Saturday, February 28, 2009

This from Floyd Norris

Floyd Norris, the chief financial correspondent of The New York Times and The International Herald Tribune, covers the world of finance and economics.


February 27, 2009, 4:23 pm
Crime and Bubbles

Willie Sutton is supposed to have explained that he robbed banks because that was where the money was.

So it is with white collar crime. If you look where the bubble is, there too will be the crooks.

In the late 1990s, a company could be rewarded with a soaring stock price, and a valuation far beyond anything the company had actually accomplished — if it could show rapid growth. And stock options let executives monetize that gain almost immediately.

On the other hand, if your company was not hot, its share price could languish.

The result was a great temptation to fudge the numbers. At the extreme, we got Enron and WorldCom.

More recently, as soaring asset prices were pumped up by easy credit, it was money managers who could make zillions. Run a $500 million hedge fund and you get $10 million a year, plus 20 percent of the profits.
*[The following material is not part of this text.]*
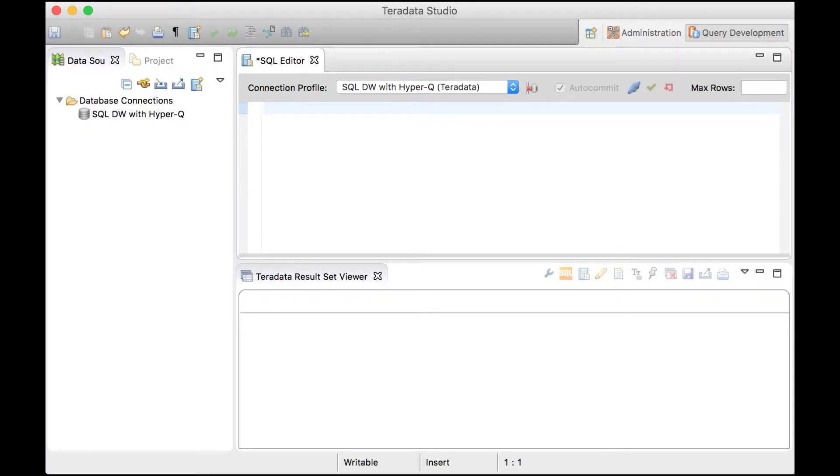Datometry HyperQ allows businesses to run their existing Teradata applications transparently on SQL DW.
Run a really big one that does very well, and you can take in a billion dollars.

And how do you attract enough money to manage? You show that you can produce outstanding investment results.

It turns out that the easiest way to do that was to lie about the results, and we are now seeing a succession of Ponzi schemes unveiled. The case involving Bernie Madoff may have been the largest, but others are multiplying.

It is no coincidence that we learn about the scandals after the bubbles burst. Enron had used its own high stock price to produce phony profits. When the stock price started to fall, it sparked a crisis and the facts eventually came out. So long as everyone believed assets were going up, money managers could siphon off new cash to pay those few investors who wanted to cash out. But when losses in other investments caused investors to flee, the game was up.

My suspicion is that there are more such schemes to be revealed.